Для углубленного анализа необходимо четко определить ключевые термины. Шанхайская организация сотрудничества (ШОС) представляет собой постоянно действующую межправительственную международную организацию, ориентированную на многостороннее сотрудничество в сфере безопасности, экономики и культуры. Постсоветское пространство в данном контексте относится к независимым государствам, возникшим после распада СССР, с особым акцентом на страны Центральной Азии (Казахстан, Кыргызстан, Таджикистан, Туркменистан, Узбекистан), являющиеся традиционной зоной интересов как Москвы, так и Пекина. Стратегический компромисс — это основополагающий принцип взаимодействия России и Китая внутри ШОС, подразумевающий взаимное признание ключевых интересов и готовность идти на уступки для сохранения стабильности и баланса в регионе. До недавнего времени этот компромисс выражался в модели «Двуглавого орла», где Россия традиционно фокусировалась на вопросах безопасности (противодействие терроризму, сепаратизму, экстремизму), а Китай — на экономическом развитии и инфраструктурных проектах.

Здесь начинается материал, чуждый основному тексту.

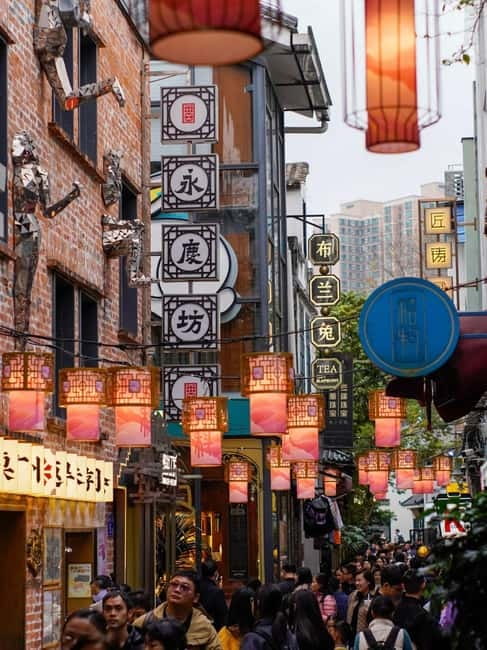 Guangzhou: Explore Xiguan Culture, Heritage & Local Cuisine - Discovering Guangzhou’s Past and Present in Xiguan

Наш методологический подход опирается на концепцию баланса сил в международных отношениях, которая позволяет анализировать динамику влияния ведущих акторов и выявлять моменты смещения равновесия. Мы также используем идею «гибридного института», под которой понимается организация, сочетающая элементы разных моделей (например, реализм в сфере безопасности и либерализм в экономике), и способная адаптироваться к изменяющимся геополитическим условиям. Применение этих концепций позволяет не только описать трансформацию ШОС, но и глубже понять внутренние механизмы и внешние факторы, влияющие на ее эволюцию и жизнеспособность, что критически важно для прогнозирования будущих региональных изменений.
Институциональная эволюция ШОС и ее функциональная роль
История ШОС — это история целенаправленного строительства многополярного порядка, где региональное сотрудничество становится краеугольным камнем глобальной стабильности. От скромных начал в качестве «Шанхайской пятерки» до ее нынешнего статуса ключевого игрока в Евразии, организация продемонстрировала удивительную способность к адаптации и расширению своего мандата. Изначально фокусируясь на вопросах демилитаризации границ и укрепления доверия, ШОС трансформировалась в многофункциональный «гибридный институт», чей уставной целью является «содействие построению нового демократического, справедливого и рационального политического и экономического международного порядка».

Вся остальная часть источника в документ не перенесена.